Dallas Morning News 15th July 2005

'… fans of the boy wizard may be getting desperate for some fresh adventures from the gang at Hogwarts … Help is at hand in the form of fan fiction. In this curious literary genre that is flourishing on the net, fans of a particular book, TV series or film write their own stories …'

The Guardian 5th December 2002

July 16th 2005 was a momentous day for Harry Potter fans across the globe, when Harry Potter and the Half-Blood Prince, the sixth book in the series, finally appeared in bookshops all over the world. In the United States, the book sold 6.9 million copies in 24 hours, making it the fastest selling book in history.

the Internet has been a major catalyst in the growth of fanfic, providing the medium for budding authors … to develop ideas and communicate them to a worldwide audience

This unprecedented level of excitement and interest in a series of books has prompted serious aficionados of Hogwarts to bridge the gap between the release of each novel by writing their own stories, developing new adventures featuring Harry and his chums. The creativity of Potter fans has been a leading influence in a new literary genre, coined fan fiction, often shortened to fanfic. Fanfic simply involves fans of a particular book, TV series or film writing their own stories using established characters and settings. The Internet has been a major catalyst in the growth of fanfic, providing the medium for budding authors (sometimes lightheartedly referred to as fanficers/fanficcers/fanfickers) to develop ideas and communicate them to a worldwide audience. Websites such as fanfiction.net provide more than 200,000 new pieces of fiction based on the Harry Potter theme alone.
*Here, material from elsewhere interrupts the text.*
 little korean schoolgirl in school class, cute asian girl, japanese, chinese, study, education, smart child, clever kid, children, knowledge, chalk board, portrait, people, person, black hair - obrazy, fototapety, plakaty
Harry Potter author J. K. Rowling is said to be a fan of fanfic. However in a bizarre twist, a disgruntled fan recently released a 'corrected' version of Harry Potter and the Half-Blood Prince, prompting a storm of curiosity and support from many fans who disliked the direction of the story in the book. This is the first time a piece of fanfic has captured a sizeable portion of the original author's audience, with more than 80,000 copies of the modified book being downloaded from the Internet and an ensuing lawsuit from Ms Rowling's publishers.

Background – fanfic

Though both the Internet and the unprecedented popularity of the Harry Potter series have been a major influence in the development of fanfic, the concept in fact predates both. The earliest pieces of fanfic relate to the popular science fiction TV series Star Trek. Fans frustrated at the cancellation of the show began to write their own adventures, leading to privately published magazines known as fanzines. The first of these, entitled Spockanalia, was first published by Star Trek fans as far back as 1967.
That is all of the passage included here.